All records, minus the pictures: write them out exactly.
Start of Block
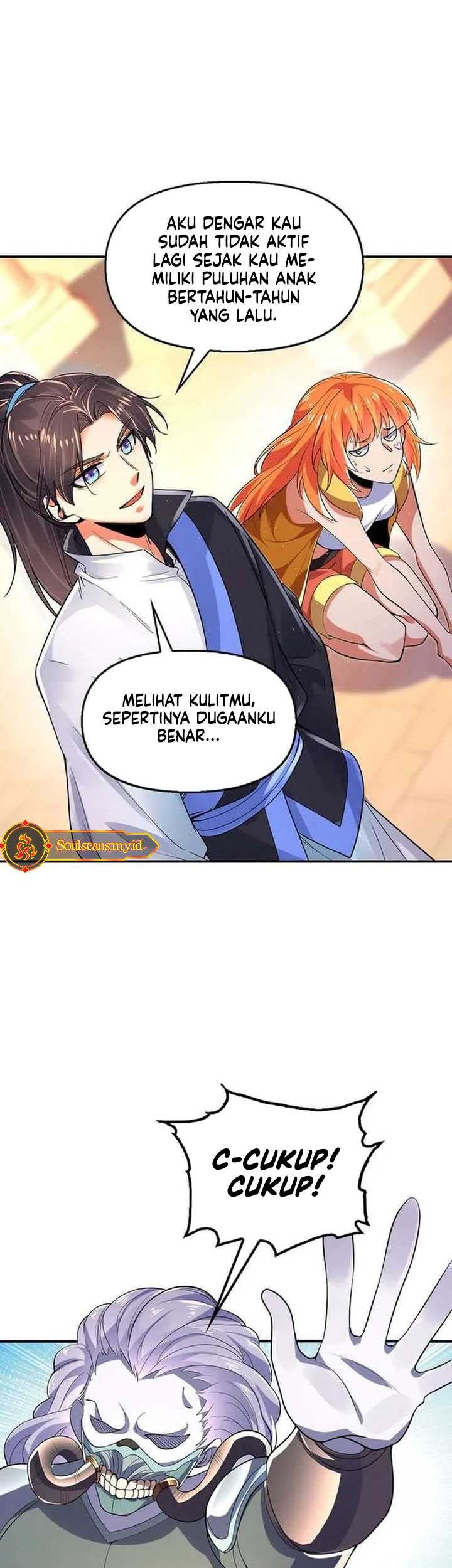 Suseon Reincarnation Book Return Of The Supreme Chapter 25 Gambar 3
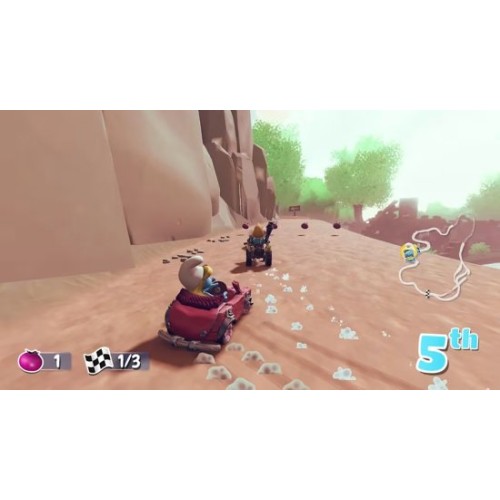 משחק Smurfs Kart (PS5)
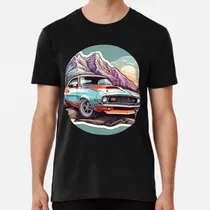 Comprar Remera Coche Retro Coche Muscle Car Vintage Coche De Carrera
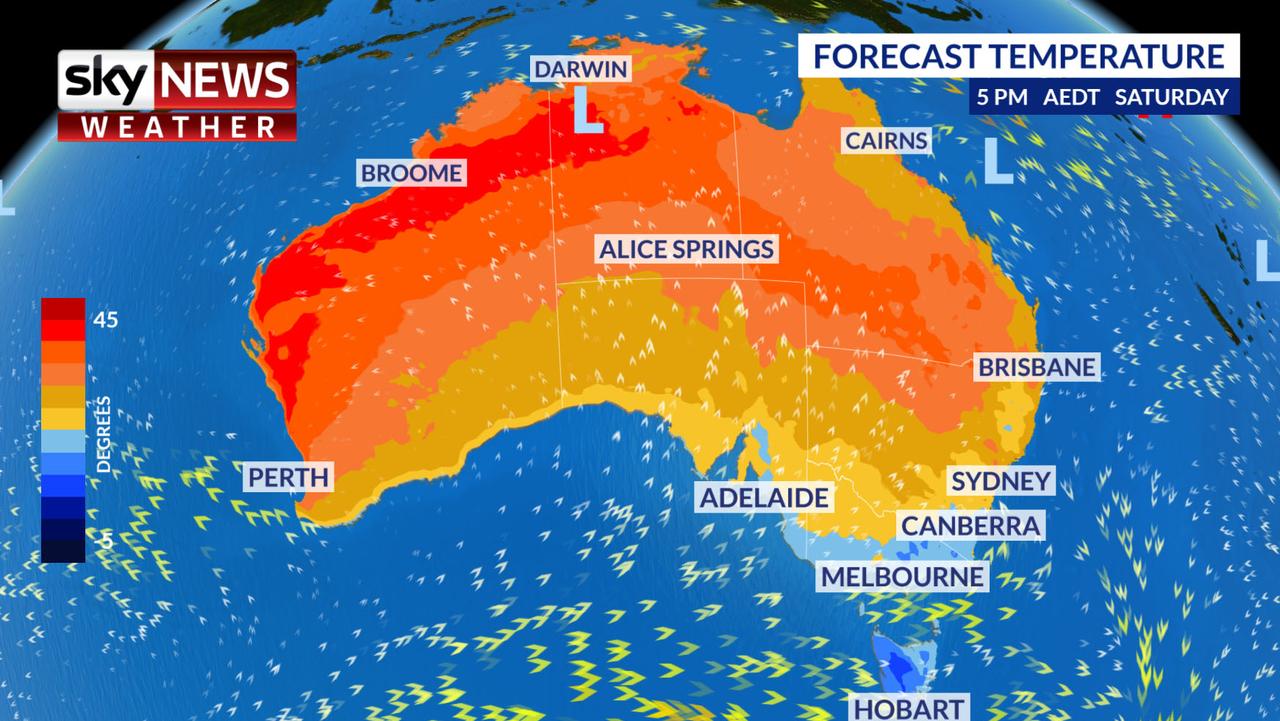 accuweather melbourne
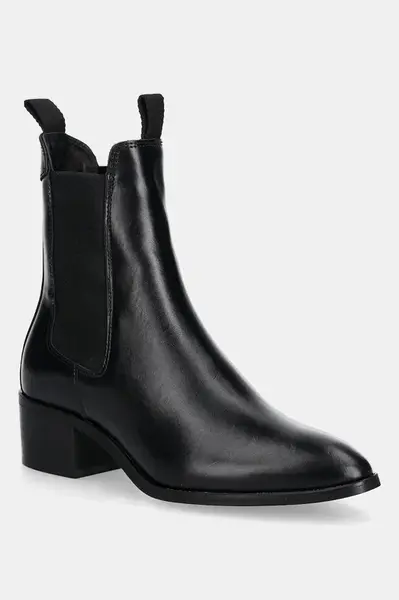 Kožené kotníkové boty Gant St Broomly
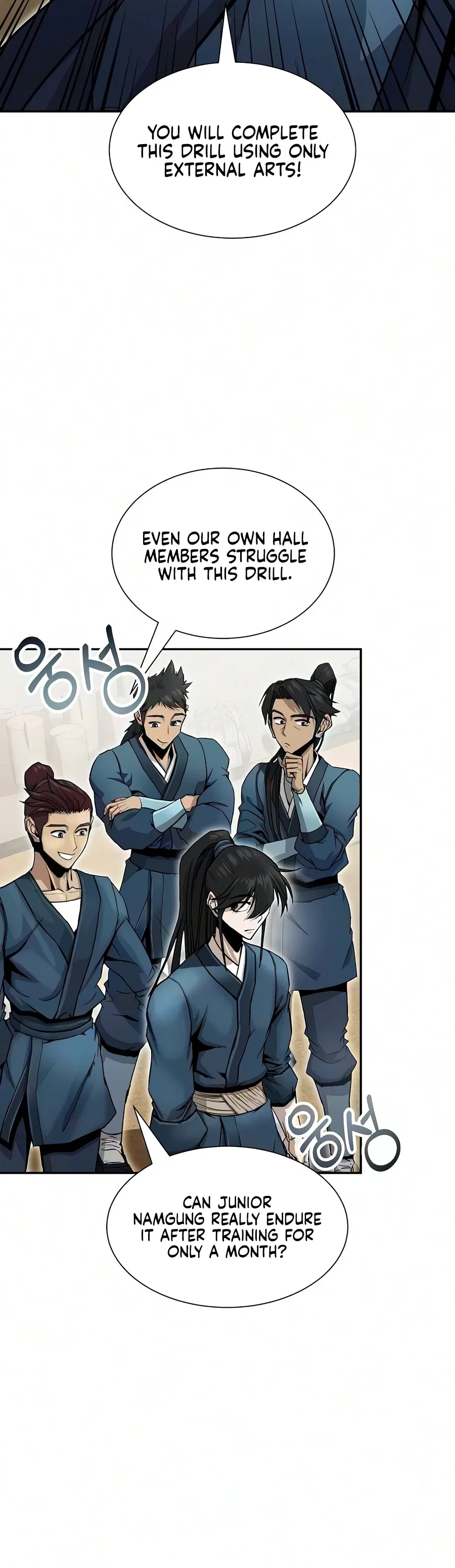 The Sword Emperor’s Rise of Namgung Chapter 19 – Page 15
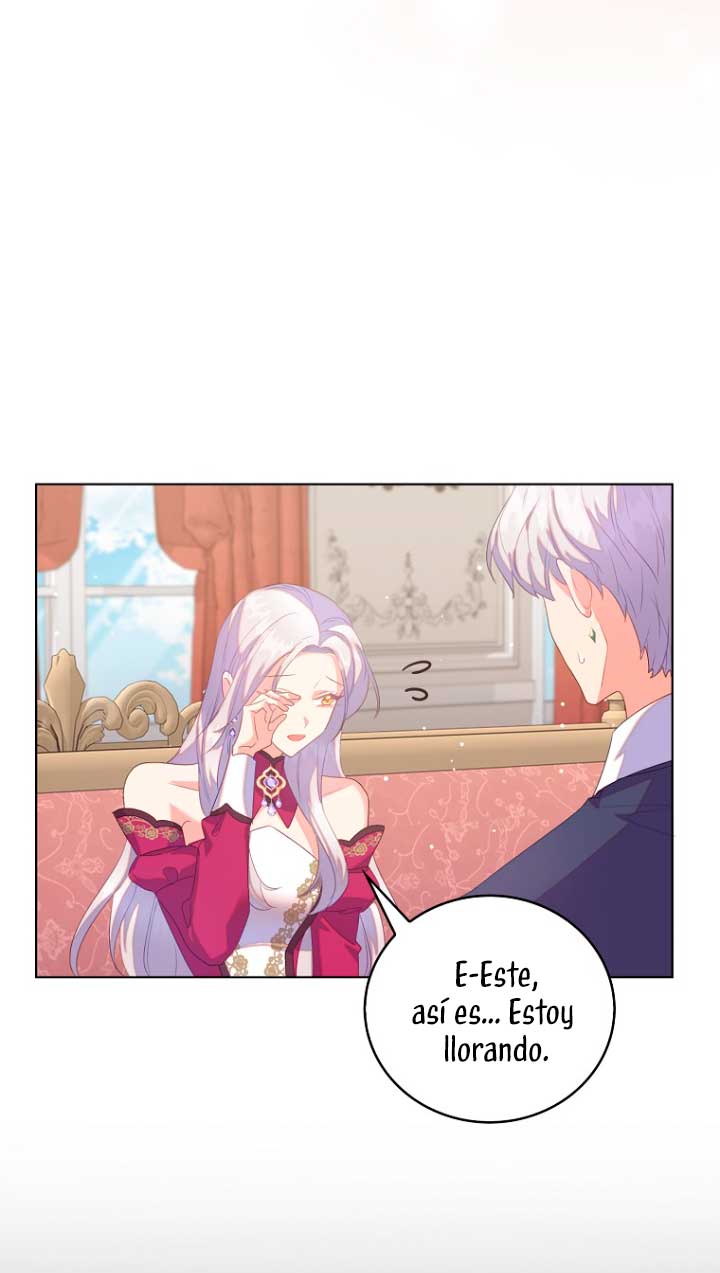 Me di cuenta después de haberte perdido Capítulo 41 - Página 27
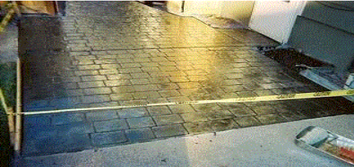 Photo(s) from Patrick Masonry Concrete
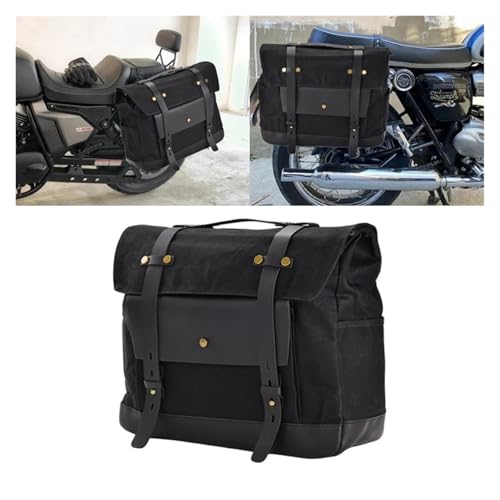 Bolsa Universal Sillín Motocicleta con Amplio Espacio para Modelos ADV 2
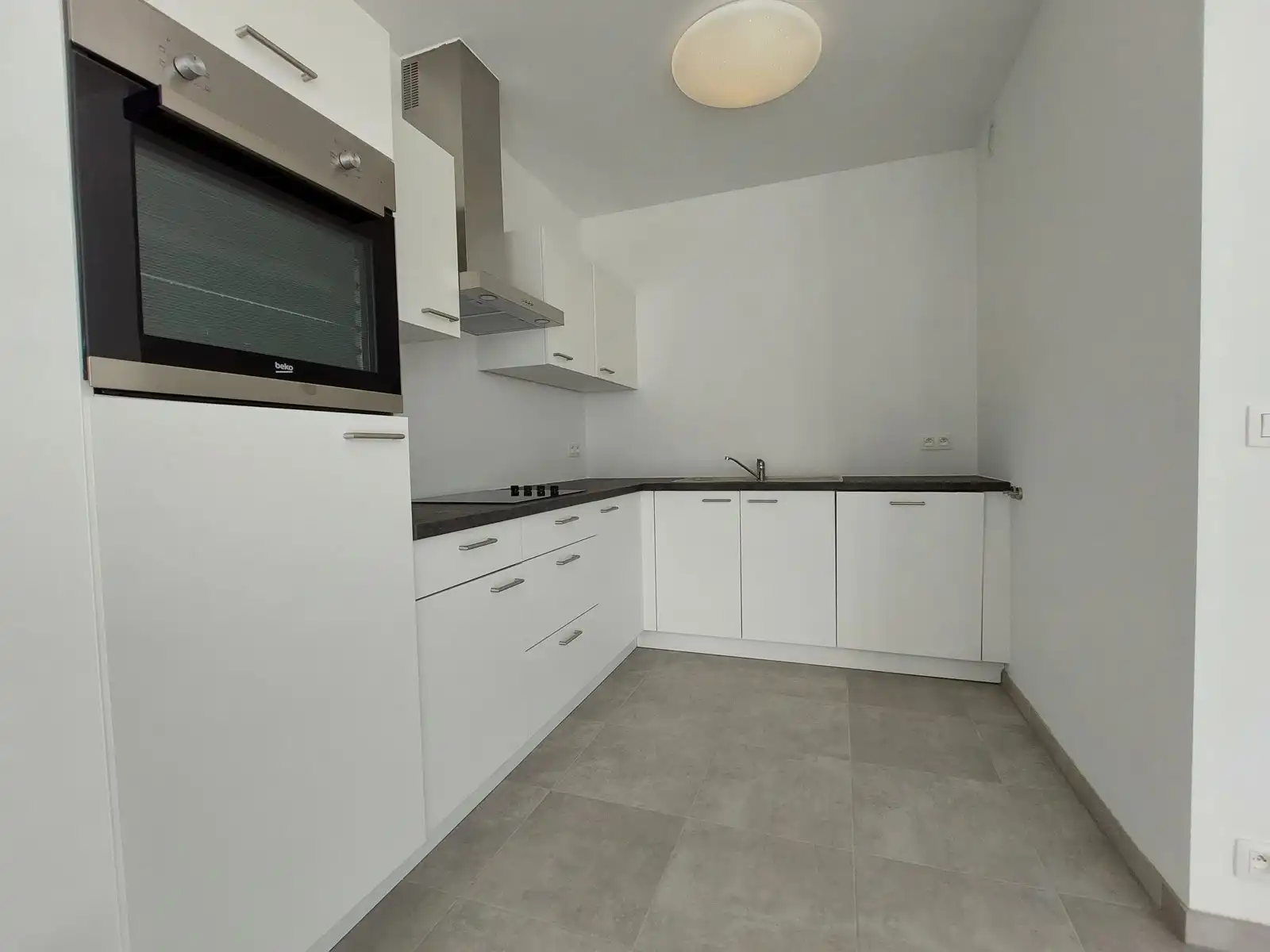 Trendy penthouse met terrassen nabij Eilandje met parking foto 7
End of Block
[Exercise answer]:
 Suseon Reincarnation Book Return Of The Supreme Chapter 25 Gambar 3
 משחק Smurfs Kart (PS5)
 Comprar Remera Coche Retro Coche Muscle Car Vintage Coche De Carrera
 accuweather melbourne
 Kožené kotníkové boty Gant St Broomly
 The Sword Emperor’s Rise of Namgung Chapter 19 – Page 15
 Me di cuenta después de haberte perdido Capítulo 41 - Página 27
 Photo(s) from Patrick Masonry Concrete
 Bolsa Universal Sillín Motocicleta con Amplio Espacio para Modelos ADV 2
 Trendy penthouse met terrassen nabij Eilandje met parking foto 7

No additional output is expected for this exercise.